::: Data :::

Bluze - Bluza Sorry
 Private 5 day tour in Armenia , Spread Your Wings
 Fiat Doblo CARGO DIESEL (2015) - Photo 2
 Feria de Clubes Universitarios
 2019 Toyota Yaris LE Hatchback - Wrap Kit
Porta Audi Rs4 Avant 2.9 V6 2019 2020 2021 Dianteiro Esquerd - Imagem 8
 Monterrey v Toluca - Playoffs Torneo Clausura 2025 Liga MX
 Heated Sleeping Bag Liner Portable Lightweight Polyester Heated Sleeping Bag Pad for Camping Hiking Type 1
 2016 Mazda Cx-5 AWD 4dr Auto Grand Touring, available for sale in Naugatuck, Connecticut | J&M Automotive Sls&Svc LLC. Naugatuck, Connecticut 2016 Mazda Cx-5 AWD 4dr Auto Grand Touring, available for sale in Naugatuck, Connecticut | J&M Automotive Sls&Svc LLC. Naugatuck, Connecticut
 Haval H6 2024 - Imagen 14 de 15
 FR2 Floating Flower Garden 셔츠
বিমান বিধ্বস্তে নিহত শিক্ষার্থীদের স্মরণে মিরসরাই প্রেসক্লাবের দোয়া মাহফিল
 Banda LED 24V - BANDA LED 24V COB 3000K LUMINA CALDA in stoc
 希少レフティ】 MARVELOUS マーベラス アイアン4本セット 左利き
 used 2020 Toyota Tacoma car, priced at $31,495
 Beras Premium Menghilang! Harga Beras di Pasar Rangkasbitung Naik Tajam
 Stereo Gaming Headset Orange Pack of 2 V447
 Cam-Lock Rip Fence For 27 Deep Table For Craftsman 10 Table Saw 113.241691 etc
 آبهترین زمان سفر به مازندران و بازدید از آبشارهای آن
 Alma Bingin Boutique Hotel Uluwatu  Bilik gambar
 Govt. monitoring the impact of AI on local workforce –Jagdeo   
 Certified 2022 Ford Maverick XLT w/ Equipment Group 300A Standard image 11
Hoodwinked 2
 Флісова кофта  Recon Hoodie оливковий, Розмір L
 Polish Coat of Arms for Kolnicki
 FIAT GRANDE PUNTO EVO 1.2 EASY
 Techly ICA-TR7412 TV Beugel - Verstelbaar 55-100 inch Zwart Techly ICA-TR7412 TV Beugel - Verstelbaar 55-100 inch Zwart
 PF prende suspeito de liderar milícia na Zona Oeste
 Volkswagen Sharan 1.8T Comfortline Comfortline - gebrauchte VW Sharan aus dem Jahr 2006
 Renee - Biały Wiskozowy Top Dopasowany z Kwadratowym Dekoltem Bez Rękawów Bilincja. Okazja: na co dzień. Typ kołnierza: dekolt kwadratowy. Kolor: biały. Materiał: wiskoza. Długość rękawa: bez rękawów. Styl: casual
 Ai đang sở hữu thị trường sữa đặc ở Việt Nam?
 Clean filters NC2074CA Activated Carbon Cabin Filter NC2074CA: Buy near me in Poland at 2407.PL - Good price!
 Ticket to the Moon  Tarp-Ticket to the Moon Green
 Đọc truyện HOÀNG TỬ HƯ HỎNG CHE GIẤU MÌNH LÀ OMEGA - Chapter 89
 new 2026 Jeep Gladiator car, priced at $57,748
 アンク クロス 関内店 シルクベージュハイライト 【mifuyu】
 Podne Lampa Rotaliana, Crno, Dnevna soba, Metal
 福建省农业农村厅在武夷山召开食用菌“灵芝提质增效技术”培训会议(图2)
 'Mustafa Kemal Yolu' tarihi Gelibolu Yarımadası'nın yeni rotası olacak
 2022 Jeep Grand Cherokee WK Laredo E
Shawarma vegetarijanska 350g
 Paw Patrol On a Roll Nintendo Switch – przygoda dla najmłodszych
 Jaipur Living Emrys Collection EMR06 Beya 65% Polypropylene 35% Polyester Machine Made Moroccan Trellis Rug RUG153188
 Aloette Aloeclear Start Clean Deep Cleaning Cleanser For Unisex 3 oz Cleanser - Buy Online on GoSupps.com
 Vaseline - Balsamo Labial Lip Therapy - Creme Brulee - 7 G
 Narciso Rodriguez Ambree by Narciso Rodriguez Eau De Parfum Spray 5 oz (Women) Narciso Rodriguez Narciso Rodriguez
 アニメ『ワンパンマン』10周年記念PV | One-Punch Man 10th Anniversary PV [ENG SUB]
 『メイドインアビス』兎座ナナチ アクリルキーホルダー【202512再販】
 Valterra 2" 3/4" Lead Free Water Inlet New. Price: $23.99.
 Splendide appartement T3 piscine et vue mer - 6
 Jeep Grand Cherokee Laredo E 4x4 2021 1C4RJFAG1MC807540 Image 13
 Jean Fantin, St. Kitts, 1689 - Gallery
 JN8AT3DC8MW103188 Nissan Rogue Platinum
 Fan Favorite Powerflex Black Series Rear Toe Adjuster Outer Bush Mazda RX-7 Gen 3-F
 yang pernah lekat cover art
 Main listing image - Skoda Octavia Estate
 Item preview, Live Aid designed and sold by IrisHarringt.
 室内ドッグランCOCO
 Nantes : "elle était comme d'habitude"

:::

** Your goal **
Go through the records and copy all of them exactly.

** Response area **
Bluze - Bluza Sorry
 Private 5 day tour in Armenia , Spread Your Wings
 Fiat Doblo CARGO DIESEL (2015) - Photo 2
 Feria de Clubes Universitarios
 2019 Toyota Yaris LE Hatchback - Wrap Kit
Porta Audi Rs4 Avant 2.9 V6 2019 2020 2021 Dianteiro Esquerd - Imagem 8
 Monterrey v Toluca - Playoffs Torneo Clausura 2025 Liga MX
 Heated Sleeping Bag Liner Portable Lightweight Polyester Heated Sleeping Bag Pad for Camping Hiking Type 1
 2016 Mazda Cx-5 AWD 4dr Auto Grand Touring, available for sale in Naugatuck, Connecticut | J&M Automotive Sls&Svc LLC. Naugatuck, Connecticut 2016 Mazda Cx-5 AWD 4dr Auto Grand Touring, available for sale in Naugatuck, Connecticut | J&M Automotive Sls&Svc LLC. Naugatuck, Connecticut
 Haval H6 2024 - Imagen 14 de 15
 FR2 Floating Flower Garden 셔츠
বিমান বিধ্বস্তে নিহত শিক্ষার্থীদের স্মরণে মিরসরাই প্রেসক্লাবের দোয়া মাহফিল
 Banda LED 24V - BANDA LED 24V COB 3000K LUMINA CALDA in stoc
 希少レフティ】 MARVELOUS マーベラス アイアン4本セット 左利き
 used 2020 Toyota Tacoma car, priced at $31,495
 Beras Premium Menghilang! Harga Beras di Pasar Rangkasbitung Naik Tajam
 Stereo Gaming Headset Orange Pack of 2 V447
 Cam-Lock Rip Fence For 27 Deep Table For Craftsman 10 Table Saw 113.241691 etc
 آبهترین زمان سفر به مازندران و بازدید از آبشارهای آن
 Alma Bingin Boutique Hotel Uluwatu  Bilik gambar
 Govt. monitoring the impact of AI on local workforce –Jagdeo   
 Certified 2022 Ford Maverick XLT w/ Equipment Group 300A Standard image 11
Hoodwinked 2
 Флісова кофта  Recon Hoodie оливковий, Розмір L
 Polish Coat of Arms for Kolnicki
 FIAT GRANDE PUNTO EVO 1.2 EASY
 Techly ICA-TR7412 TV Beugel - Verstelbaar 55-100 inch Zwart Techly ICA-TR7412 TV Beugel - Verstelbaar 55-100 inch Zwart
 PF prende suspeito de liderar milícia na Zona Oeste
 Volkswagen Sharan 1.8T Comfortline Comfortline - gebrauchte VW Sharan aus dem Jahr 2006
 Renee - Biały Wiskozowy Top Dopasowany z Kwadratowym Dekoltem Bez Rękawów Bilincja. Okazja: na co dzień. Typ kołnierza: dekolt kwadratowy. Kolor: biały. Materiał: wiskoza. Długość rękawa: bez rękawów. Styl: casual
 Ai đang sở hữu thị trường sữa đặc ở Việt Nam?
 Clean filters NC2074CA Activated Carbon Cabin Filter NC2074CA: Buy near me in Poland at 2407.PL - Good price!
 Ticket to the Moon  Tarp-Ticket to the Moon Green
 Đọc truyện HOÀNG TỬ HƯ HỎNG CHE GIẤU MÌNH LÀ OMEGA - Chapter 89
 new 2026 Jeep Gladiator car, priced at $57,748
 アンク クロス 関内店 シルクベージュハイライト 【mifuyu】
 Podne Lampa Rotaliana, Crno, Dnevna soba, Metal
 福建省农业农村厅在武夷山召开食用菌“灵芝提质增效技术”培训会议(图2)
 'Mustafa Kemal Yolu' tarihi Gelibolu Yarımadası'nın yeni rotası olacak
 2022 Jeep Grand Cherokee WK Laredo E
Shawarma vegetarijanska 350g
 Paw Patrol On a Roll Nintendo Switch – przygoda dla najmłodszych
 Jaipur Living Emrys Collection EMR06 Beya 65% Polypropylene 35% Polyester Machine Made Moroccan Trellis Rug RUG153188
 Aloette Aloeclear Start Clean Deep Cleaning Cleanser For Unisex 3 oz Cleanser - Buy Online on GoSupps.com
 Vaseline - Balsamo Labial Lip Therapy - Creme Brulee - 7 G
 Narciso Rodriguez Ambree by Narciso Rodriguez Eau De Parfum Spray 5 oz (Women) Narciso Rodriguez Narciso Rodriguez
 アニメ『ワンパンマン』10周年記念PV | One-Punch Man 10th Anniversary PV [ENG SUB]
 『メイドインアビス』兎座ナナチ アクリルキーホルダー【202512再販】
 Valterra 2" 3/4" Lead Free Water Inlet New. Price: $23.99.
 Splendide appartement T3 piscine et vue mer - 6
 Jeep Grand Cherokee Laredo E 4x4 2021 1C4RJFAG1MC807540 Image 13
 Jean Fantin, St. Kitts, 1689 - Gallery
 JN8AT3DC8MW103188 Nissan Rogue Platinum
 Fan Favorite Powerflex Black Series Rear Toe Adjuster Outer Bush Mazda RX-7 Gen 3-F
 yang pernah lekat cover art
 Main listing image - Skoda Octavia Estate
 Item preview, Live Aid designed and sold by IrisHarringt.
 室内ドッグランCOCO
 Nantes : "elle était comme d'habitude"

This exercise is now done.